Un grand garçon blond et barbu jusqu’au nez lui coupa la parole :

— Comment vous appelez-vous, mon ami ?

Le notaire, effaré, prononça :

— Je suis Me Saval.

Une voix cria :

— Tu veux dire Baptiste.

Une femme dit :

— Laissez-le donc tranquille, ce garçon ; il va se fâcher à la fin. Il est payé pour nous servir et pas pour se faire moquer de lui.

Alors Me Saval s’aperçut que chaque invité apportait ses provisions. L’un tenait une bouteille et l’autre un pâté. Celui-ci un pain, celui-là un jambon.

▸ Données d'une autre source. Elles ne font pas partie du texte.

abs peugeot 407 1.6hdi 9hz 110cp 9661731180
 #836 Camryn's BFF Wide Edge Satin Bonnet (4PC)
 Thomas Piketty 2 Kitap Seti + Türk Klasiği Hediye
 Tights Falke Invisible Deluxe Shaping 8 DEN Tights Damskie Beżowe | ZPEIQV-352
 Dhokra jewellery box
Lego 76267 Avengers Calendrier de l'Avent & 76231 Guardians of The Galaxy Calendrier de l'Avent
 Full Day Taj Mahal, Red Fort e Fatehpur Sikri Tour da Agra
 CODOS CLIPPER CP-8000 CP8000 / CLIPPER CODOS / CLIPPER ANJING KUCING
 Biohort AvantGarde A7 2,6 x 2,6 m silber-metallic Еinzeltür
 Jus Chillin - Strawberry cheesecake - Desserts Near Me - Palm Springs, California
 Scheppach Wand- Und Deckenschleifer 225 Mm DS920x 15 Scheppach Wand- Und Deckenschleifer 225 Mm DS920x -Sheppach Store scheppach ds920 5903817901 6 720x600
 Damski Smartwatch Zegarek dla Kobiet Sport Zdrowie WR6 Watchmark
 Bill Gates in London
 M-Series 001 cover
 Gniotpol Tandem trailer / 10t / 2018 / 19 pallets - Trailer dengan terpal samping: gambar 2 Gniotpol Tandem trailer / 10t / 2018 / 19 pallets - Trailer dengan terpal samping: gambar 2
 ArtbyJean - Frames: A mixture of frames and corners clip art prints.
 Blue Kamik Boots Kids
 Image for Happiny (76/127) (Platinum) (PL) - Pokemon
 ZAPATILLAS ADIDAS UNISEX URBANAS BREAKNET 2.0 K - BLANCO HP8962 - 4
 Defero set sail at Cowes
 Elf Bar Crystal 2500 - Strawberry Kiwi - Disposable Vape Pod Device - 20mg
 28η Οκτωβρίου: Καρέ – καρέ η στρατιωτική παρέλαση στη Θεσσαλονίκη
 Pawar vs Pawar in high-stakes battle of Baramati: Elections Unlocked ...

Le grand garçon blond lui mit dans les bras un saucisson démesuré et commanda :

— Tiens, va dresser le buffet dans le coin, là-bas. Tu mettras les bouteilles à gauche et les provisions à droite.

Saval, perdant la tête, s’écria :

— Mais, messieurs, je suis un notaire !

Il y eut un instant de silence, puis un rire fou. Un monsieur soupçonneux demanda :

— Comment êtes-vous ici ?

Il s’expliqua, raconta son projet d’écouter l’Opéra, son départ de Vernon, son arrivée à Paris, toute sa soirée.

On s’était assis autour de lui pour l’écouter ; on lui lançait des mots ; on l’appelait Schéhérazade.